## What the exercise asks
Please give back, exactly as written, the lines from the line with "tout un tas" to the line with "Modern Tıbbi Araştırma" in the listing below, leaving out all pictures.

## Records for the exercise
-=-=-=-=-

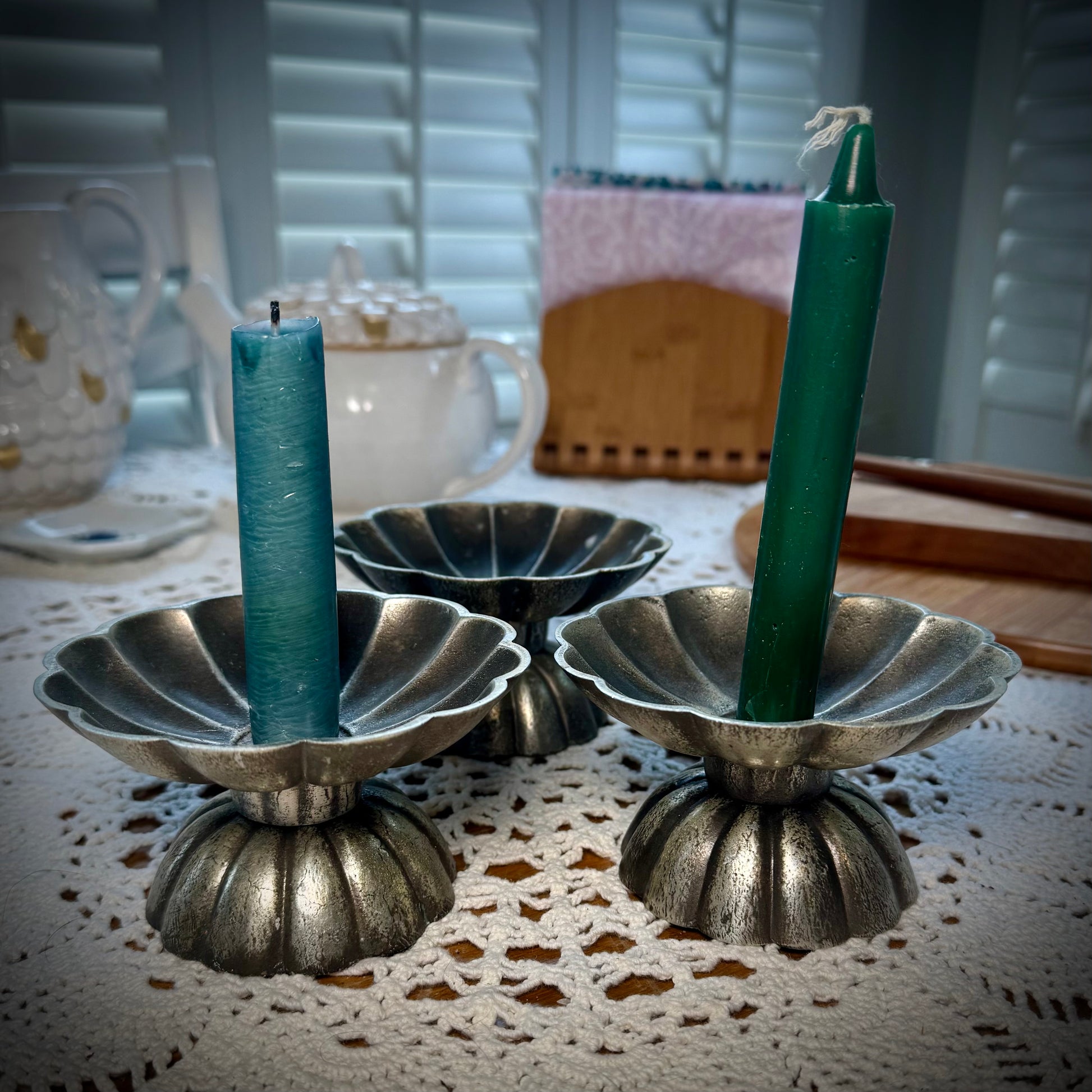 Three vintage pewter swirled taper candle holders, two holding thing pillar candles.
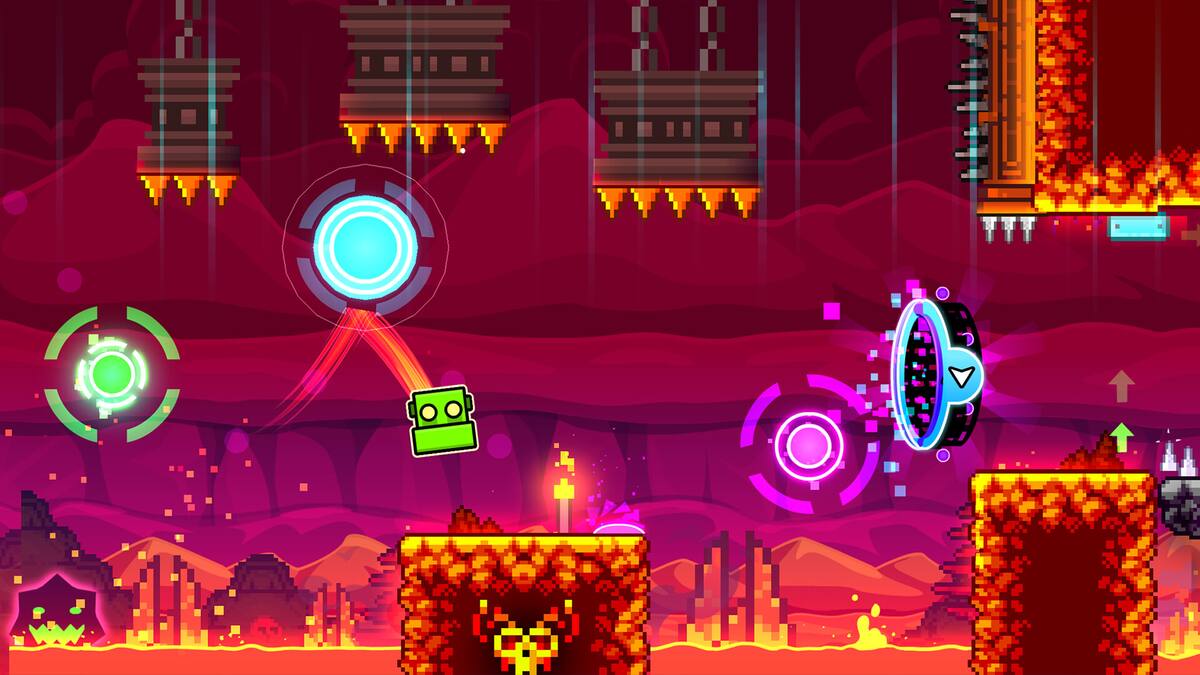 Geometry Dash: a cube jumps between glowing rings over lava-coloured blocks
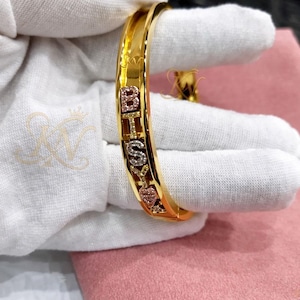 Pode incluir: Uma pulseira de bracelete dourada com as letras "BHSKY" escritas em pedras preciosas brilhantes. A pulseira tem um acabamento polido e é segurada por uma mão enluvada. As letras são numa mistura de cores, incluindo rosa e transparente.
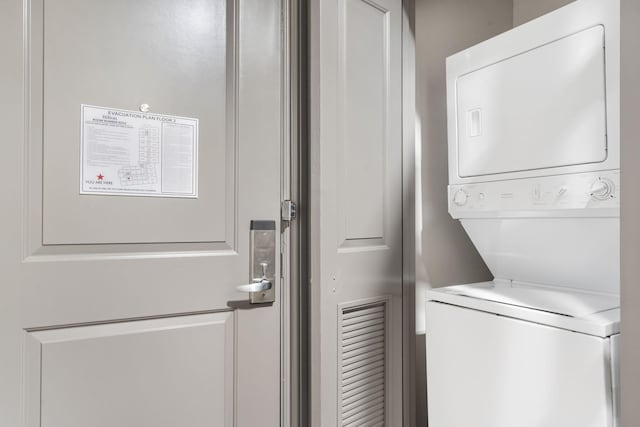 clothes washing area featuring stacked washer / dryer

-=-=-=-=-

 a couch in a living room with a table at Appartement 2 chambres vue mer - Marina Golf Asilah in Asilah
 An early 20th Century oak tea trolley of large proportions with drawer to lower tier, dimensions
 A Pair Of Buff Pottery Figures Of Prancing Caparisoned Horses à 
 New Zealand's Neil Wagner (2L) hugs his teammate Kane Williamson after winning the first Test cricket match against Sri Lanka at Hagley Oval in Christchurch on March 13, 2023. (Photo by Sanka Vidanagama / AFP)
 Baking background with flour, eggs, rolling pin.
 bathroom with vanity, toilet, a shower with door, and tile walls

-=-=-=-=-

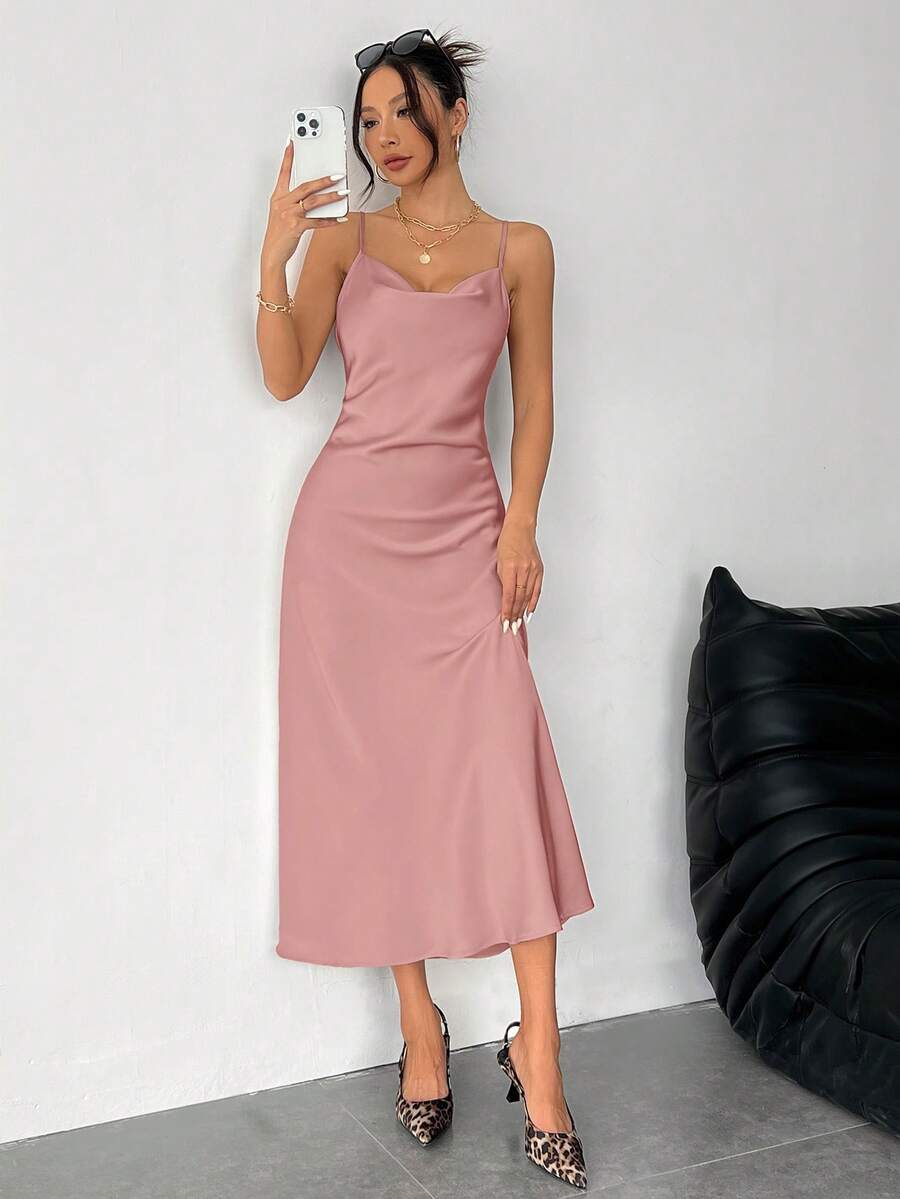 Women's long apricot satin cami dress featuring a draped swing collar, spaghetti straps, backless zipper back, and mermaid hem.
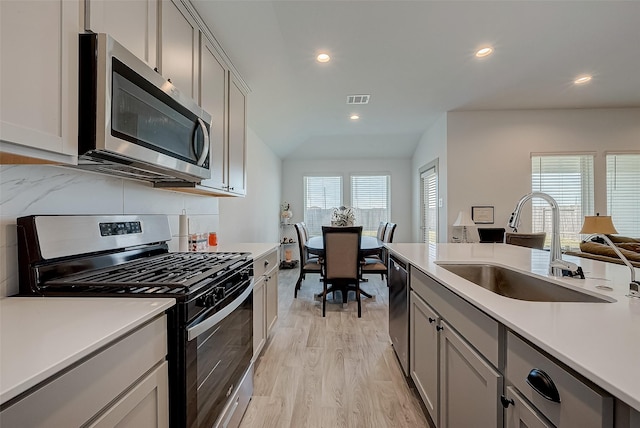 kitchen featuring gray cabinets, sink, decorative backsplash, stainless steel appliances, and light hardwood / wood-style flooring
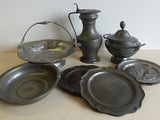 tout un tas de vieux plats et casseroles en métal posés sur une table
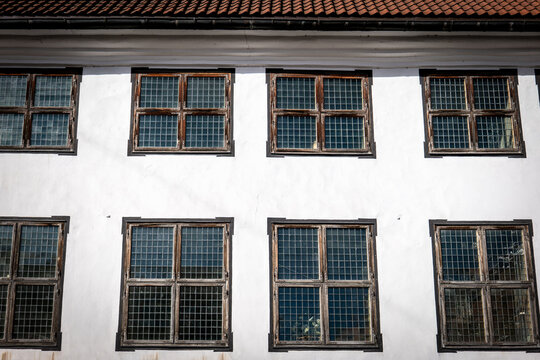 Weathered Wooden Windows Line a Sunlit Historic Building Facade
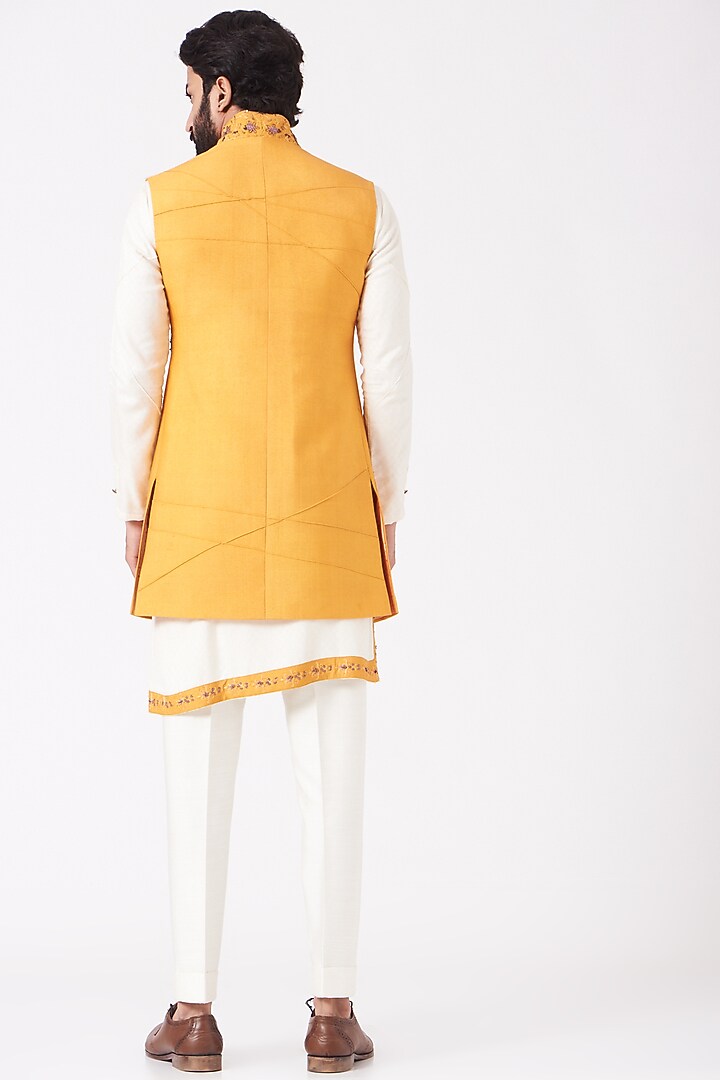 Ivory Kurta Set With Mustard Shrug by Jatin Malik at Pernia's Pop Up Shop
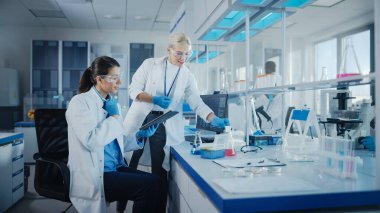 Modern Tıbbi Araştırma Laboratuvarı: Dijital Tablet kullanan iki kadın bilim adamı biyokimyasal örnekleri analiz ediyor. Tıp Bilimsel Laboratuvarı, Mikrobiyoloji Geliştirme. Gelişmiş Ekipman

-=-=-=-=-

## Written reply
 tout un tas de vieux plats et casseroles en métal posés sur une table
 Weathered Wooden Windows Line a Sunlit Historic Building Facade
 Ivory Kurta Set With Mustard Shrug by Jatin Malik at Pernia's Pop Up Shop
 Modern Tıbbi Araştırma Laboratuvarı: Dijital Tablet kullanan iki kadın bilim adamı biyokimyasal örnekleri analiz ediyor. Tıp Bilimsel Laboratuvarı, Mikrobiyoloji Geliştirme. Gelişmiş Ekipman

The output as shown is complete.